Um pedido de vista feito pelo ministro Alexandre de Moraes suspendeu o julgamento, na Primeira Turma do Supremo Tribunal Federal (STF), do pedido de Extradição (EXT) 1406, feito ao Brasil pelo governo de Israel, envolvendo o cidadão germano-israelense Yehoshua Elizur, condenado por homicídio pela Corte Distrital de Tel Aviv.

No dia 27 de julho de 2004, Elizur matou um palestino usando um fuzil M16, na Cisjordânia. De acordo com o pedido extradicional, a vítima dirigia uma van, na qual estavam outras sete pessoas, quando foi obrigado a parar o veículo.

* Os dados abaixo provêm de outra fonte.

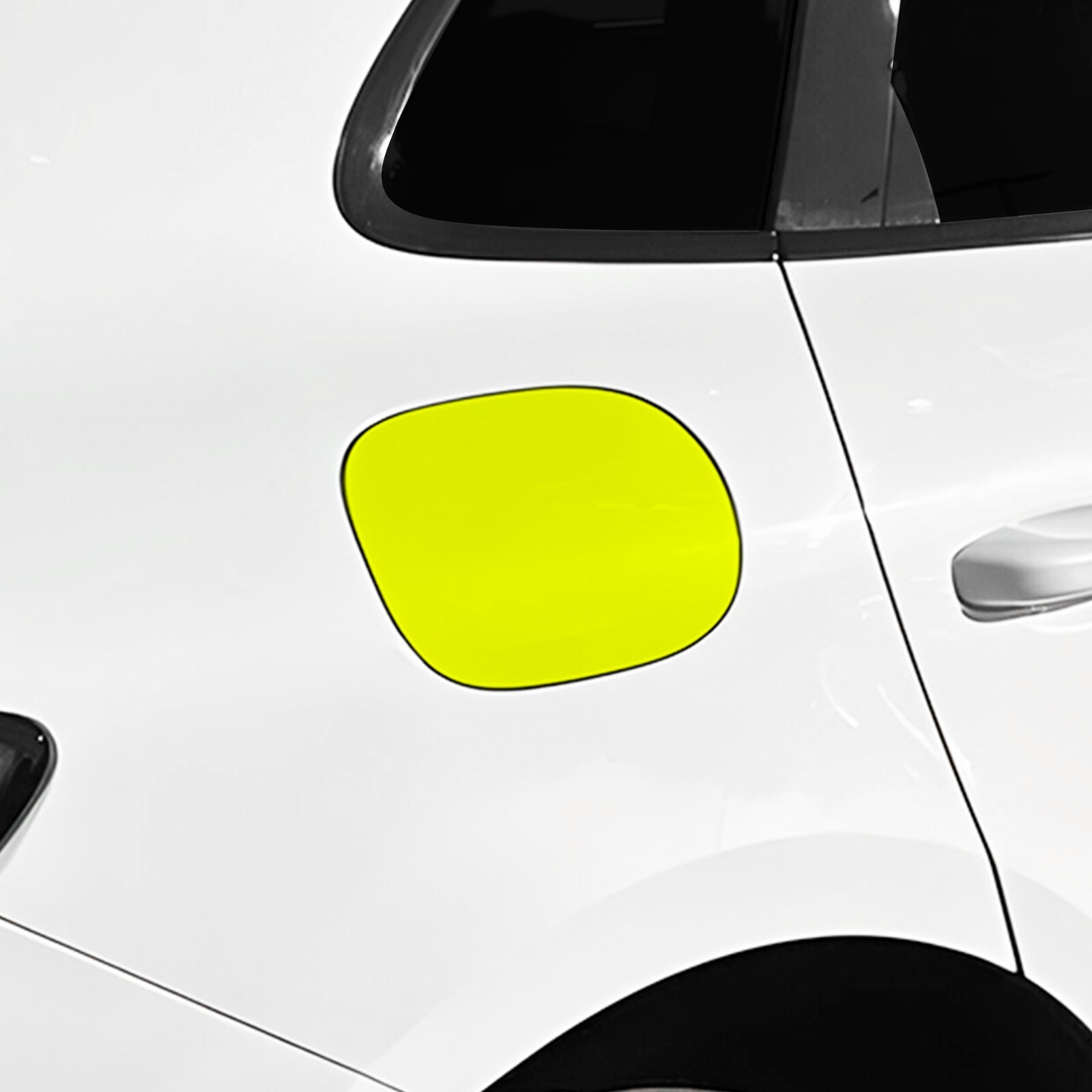 Pre Cut for Porsche Macan 15-25 Fuel Door Paint Protection Film Clear Bra PPF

Sendo um civil, Elizur não detinha qualquer autoridade legal para tanto e executou o motorista sem qualquer motivo aparente.

A relatora da extradição, ministra Rosa Weber, rejeitou os argumentos da defesa de Elizur, entre eles, o de que o homicídio teria sido culposo (sem intenção de matar), o de que o crime estaria prescrito, o de que Elizur não teria ainda cidadania israelense e o de que Israel não teria jurisdição penal sobre a área em que ocorreu o crime (área C da Cisjordânia).

Em seu voto, a ministra deferiu o pedido do governo de Israel por considerar não haver qualquer obstáculo à extradição, desde que o país assuma o compromisso de subtrair da pena imposta o tempo em que Elizur ficar preso no Brasil (detração penal).

Pedido de vista

Após o voto da relatora, o ministro Alexandre de Moraes pediu vista dos autos em razão da complexidade do caso. O ministro ressaltou que esse julgamento poderá implicar o reconhecimento oficial do STF quanto à jurisdição do Estado de Israel sobre território da Cisjordânia, ao mesmo tempo em que o Brasil reconhece oficialmente a Autoridade Palestina como Estado soberano.

Para o ministro, há dúvidas consistentes acerca da vigência dos Acordos de Oslo (que marcaram o início das negociações diretas de paz entre israelenses e palestinos, em 1993). Moraes lembrou que a própria Confederação Israelita do Brasil (Conib) reconhece que tais acordos naufragaram antes que as quatro etapas do processo fossem cumpridas por ambos os lados.